Two thousand heterosexual couples, each made up of one HIV-positive partner and one HIV-negative partner, enrolled in the study. The 2016 results reported a 93 percent reduction in HIV transmission when an HIV-infected person began taking antiretroviral therapy when their immune system was relatively healthy.
“Until we have a safe and effective vaccine for HIV, we must continue to find innovative prevention strategies,” Cohen says.
When the final results of HPTN 052 released in 2016, Cohen oversaw the launch of HPTN 083 — a global study focused on preventing HIV in high-risk populations. Starting in 2012, HIV-negative patients have had access to a once-a-day pill, Truvada, to prevent infection. For this new study, Cohen wanted to compare the efficacy of Truvada to an injectable drug called cabotegravir, which only needs to be administered every two months.
Unlike HPTN 052, HPTN 083 specifically enrolled cisgender men and transgender women who have sex with men — people with high risk of HIV infection. While HPTN 052 focused on the suppression of HIV replication in people infected with the virus, HPTN 083 looks at preventing HIV transmission during sexual intercourse. In June 2020, the study was halted because injections of cabotegravir proved even better at stopping the spread of HIV than Truvada. A companion study called HPTN 084 is currently assessing cabotegravir’s effectiveness for preventing infection in HIV-negative women.

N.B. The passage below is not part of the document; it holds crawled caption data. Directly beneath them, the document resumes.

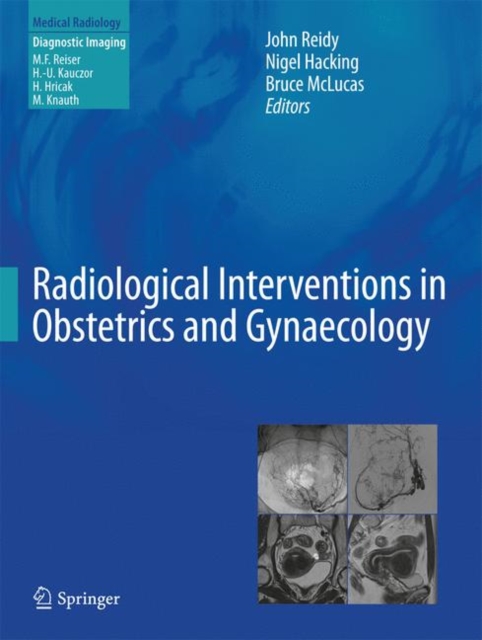 Radiological Interventions in Obstetrics and Gynaecology, Hardback Book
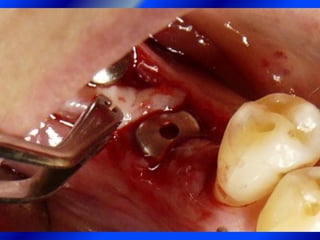 Clase Conexiones 2008 Alumn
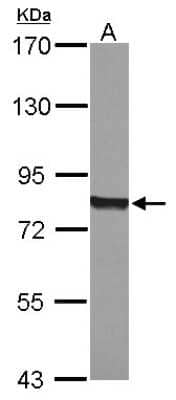 Western Blot: POR/Cytochrome P450 Reductase Antibody [NBP2-16083]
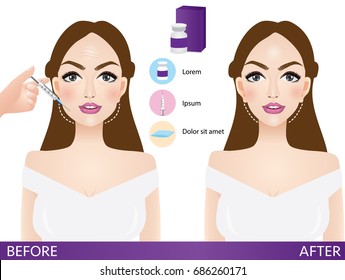 lifting and wrinkle injection surgery vector illustration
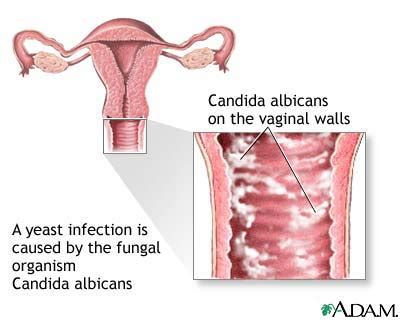 Candidoza Vaginala Si Bucala Cauze Simptome Tratament Poze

UNC is also involved in testing an alternative to Truvada called Descovy, which avoids the potential negative side effects Truvada can cause in the kidneys and bones, and the Antibody Mediated Prevention study — a first-of-its-kind prevention method that uses anti-HIV antibodies to prevent infection.
While a cure isn’t on the horizon, on a good day Margolis says there might be one in the next five to 10 years.

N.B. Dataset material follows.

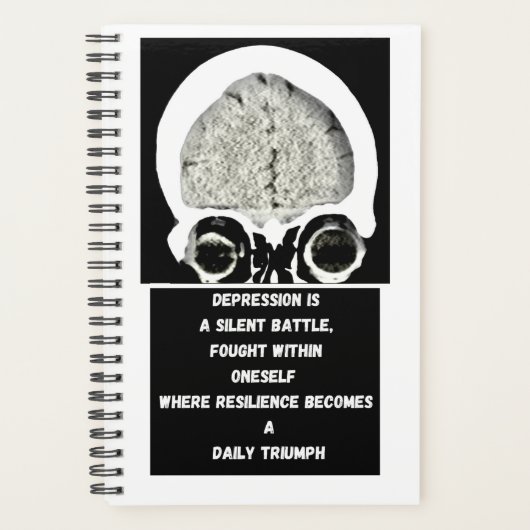 CT Scan_CTFOD_Dailicher Triumph Planer (Vorderseite)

Cohen believes UNC’s prowess in the field has benefits beyond addressing HIV.
“HIV has taught us how to approach problems,” Cohen says. “It took us literally 20 years to understand the rules of transmission and to become good at some of the things we’re trying to do. For COVID-19, it’s taken us 20 weeks to get to at least some of the same points. This isn’t just a story about HIV. It’s a story about people working together successfully.”